Note: Pololu has released a newer version of the RC Switch with Small Low-Side MOSFET, which is better than this product in almost every way and should be a drop-in replacement in most cases. This product is now only available by large-volume special order. Please contact Pololu for more information.
The Pololu RC switch with small low-side MOSFET can be used with standard hobby radio control systems for radio control switch applications or simple interface applications. Example applications include converting extra RC receiver or servo controller outputs to simple high/low signals that can control LEDs or bigger MOSFETs or relays and connecting RC systems to microcontroller projects that do not have the necessary resources for decoding the RC interface. Two outputs indicate the presence of a valid signal and whether the switch is on or off, and an integrated low-side MOSFET turns on when the switch is on, allowing the board to drive small loads directly.
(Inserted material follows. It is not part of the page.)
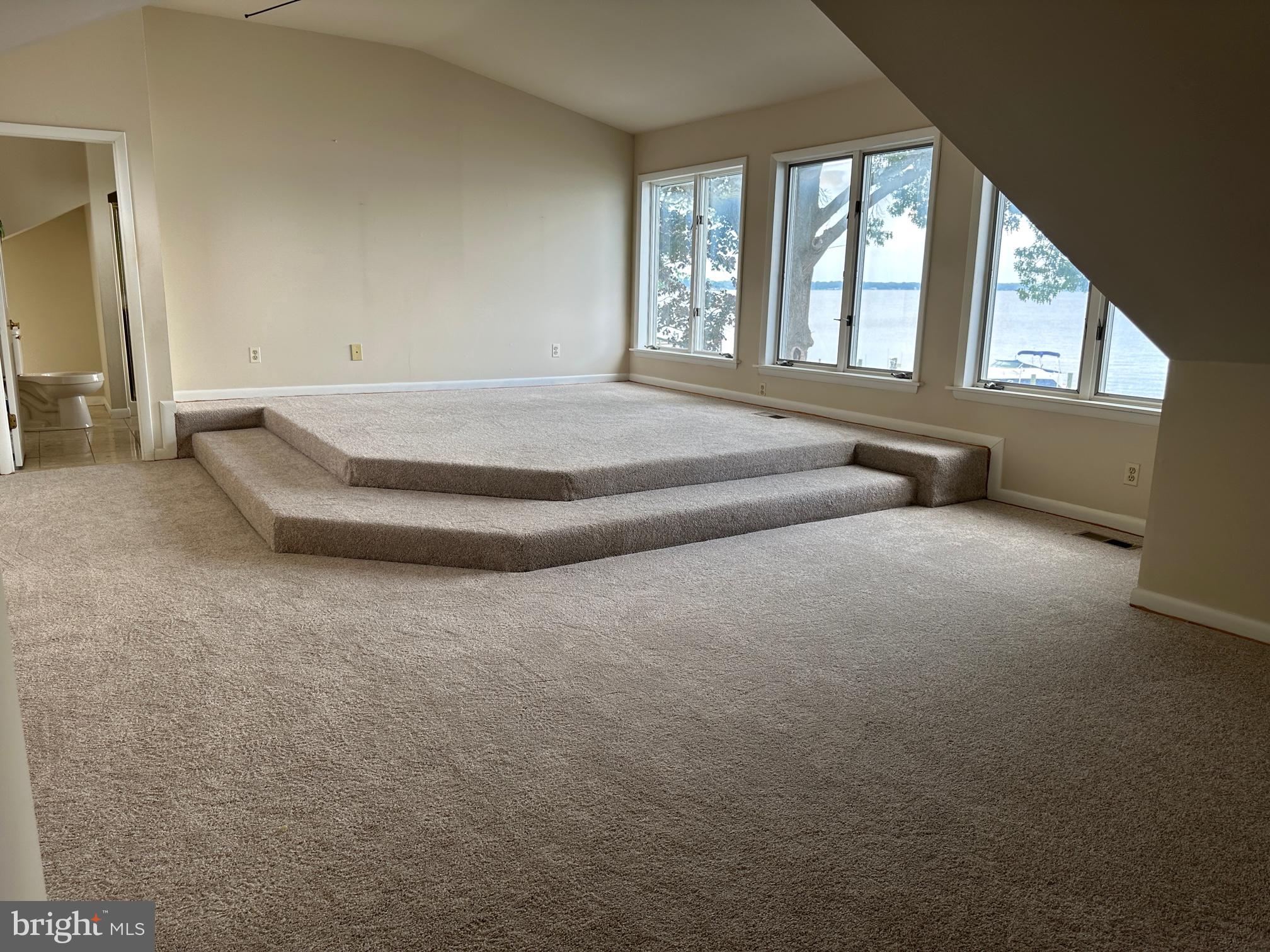 SHORE ACRES - Residential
The switch also features a flyback (or freewheeling) diode across the drive outputs so that you can connect a coil to them, such as a motor or relay, without any additional external components.
This compact unit measures a mere 0.4" x 0.6" and weighs just 0.5 g (0.02 oz) without the included header pins.
We offer a version of this RC switch without a MOSFET for applications that just require a low-current digital signal and a version with a medium-sized MOSFET for applications that require the device to switch larger loads.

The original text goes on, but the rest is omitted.